Input =>
-----

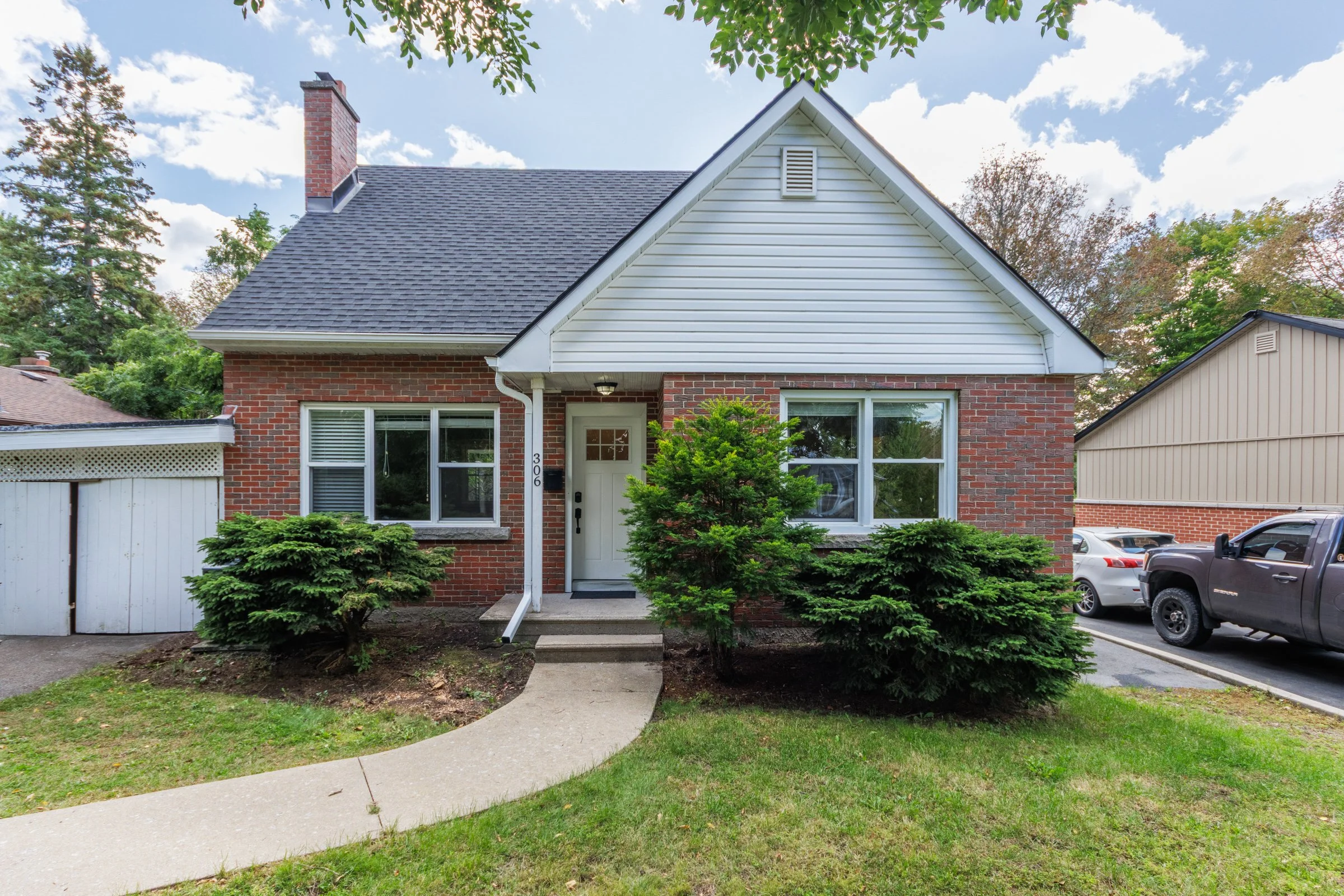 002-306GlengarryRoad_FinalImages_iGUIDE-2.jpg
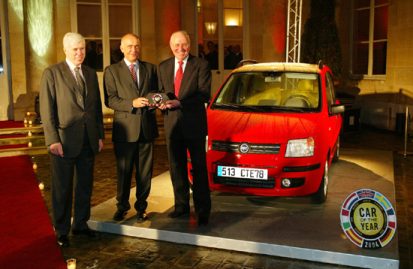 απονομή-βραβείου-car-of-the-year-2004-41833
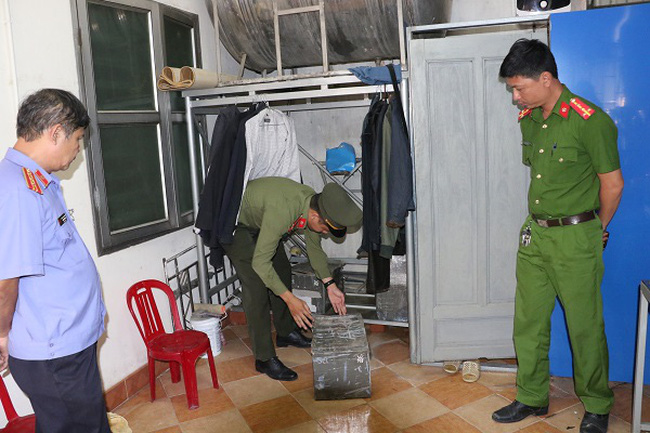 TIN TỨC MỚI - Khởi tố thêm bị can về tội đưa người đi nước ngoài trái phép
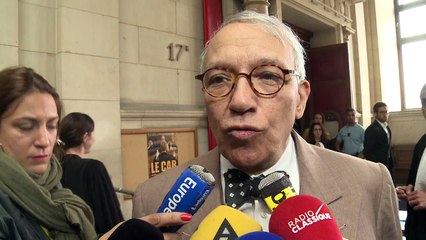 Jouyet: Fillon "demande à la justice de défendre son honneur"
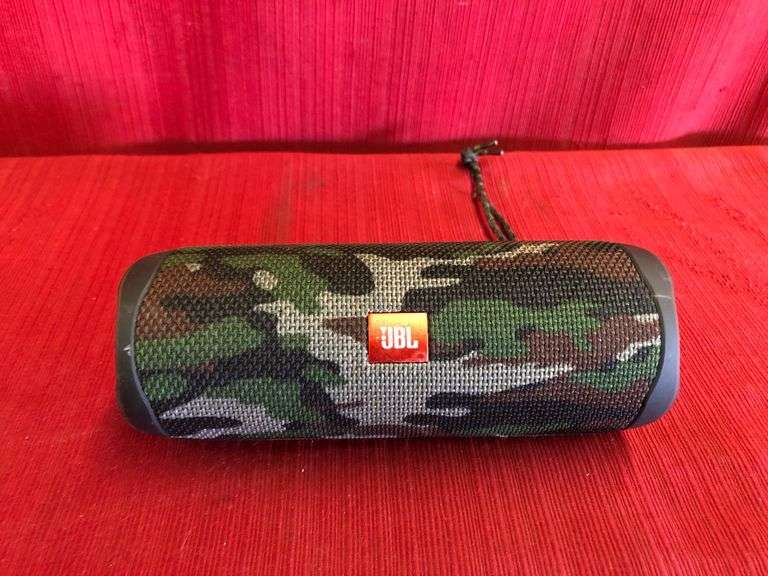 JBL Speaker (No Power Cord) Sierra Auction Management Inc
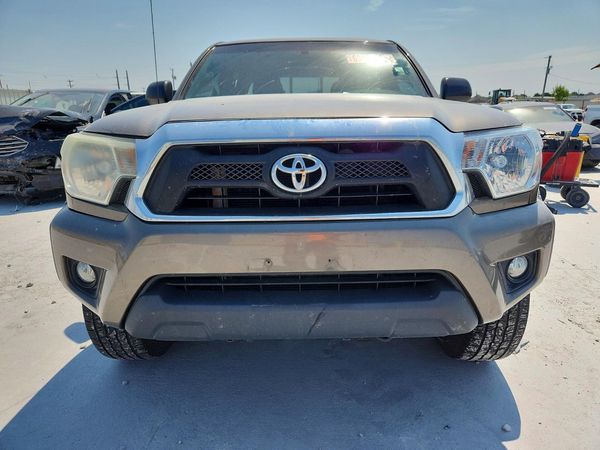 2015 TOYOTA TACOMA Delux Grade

-----

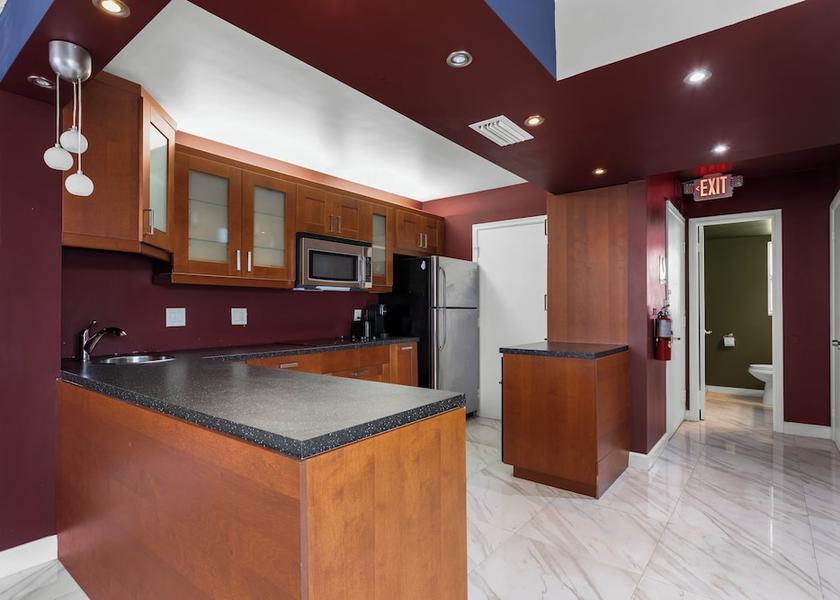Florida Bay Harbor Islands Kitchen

-----

Work item => Precisely those lines above that run from the line with "απονομή-βραβεί" up to and including the line with "2015 TOYOTA TACOMA Delux Grade" are to be set down, with the pictures omitted.

Solution to this problem =>
 απονομή-βραβείου-car-of-the-year-2004-41833
 TIN TỨC MỚI - Khởi tố thêm bị can về tội đưa người đi nước ngoài trái phép
 Jouyet: Fillon "demande à la justice de défendre son honneur"
 JBL Speaker (No Power Cord) Sierra Auction Management Inc
 2015 TOYOTA TACOMA Delux Grade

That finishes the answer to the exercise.